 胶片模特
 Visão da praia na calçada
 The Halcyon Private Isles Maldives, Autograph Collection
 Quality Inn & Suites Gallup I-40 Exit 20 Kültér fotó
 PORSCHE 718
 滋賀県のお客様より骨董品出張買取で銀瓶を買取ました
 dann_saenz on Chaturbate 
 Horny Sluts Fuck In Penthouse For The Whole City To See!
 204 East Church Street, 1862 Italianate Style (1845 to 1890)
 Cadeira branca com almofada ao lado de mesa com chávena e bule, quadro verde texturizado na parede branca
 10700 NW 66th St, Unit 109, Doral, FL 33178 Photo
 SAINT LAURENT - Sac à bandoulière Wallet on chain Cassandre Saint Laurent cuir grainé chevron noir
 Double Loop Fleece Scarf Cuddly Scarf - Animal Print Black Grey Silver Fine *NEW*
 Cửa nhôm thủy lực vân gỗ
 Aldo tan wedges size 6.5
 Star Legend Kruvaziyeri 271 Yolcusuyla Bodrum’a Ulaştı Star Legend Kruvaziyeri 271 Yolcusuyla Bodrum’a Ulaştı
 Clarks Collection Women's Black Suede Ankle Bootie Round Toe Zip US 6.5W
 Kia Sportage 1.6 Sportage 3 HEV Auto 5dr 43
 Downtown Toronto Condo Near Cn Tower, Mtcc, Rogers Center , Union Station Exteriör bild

* _EXERCISE AIM_
From the records above, pull out each line that has "Collection".

* _SOLUTION TO THIS PROBLEM_
 The Halcyon Private Isles Maldives, Autograph Collection
 Clarks Collection Women's Black Suede Ankle Bootie Round Toe Zip US 6.5W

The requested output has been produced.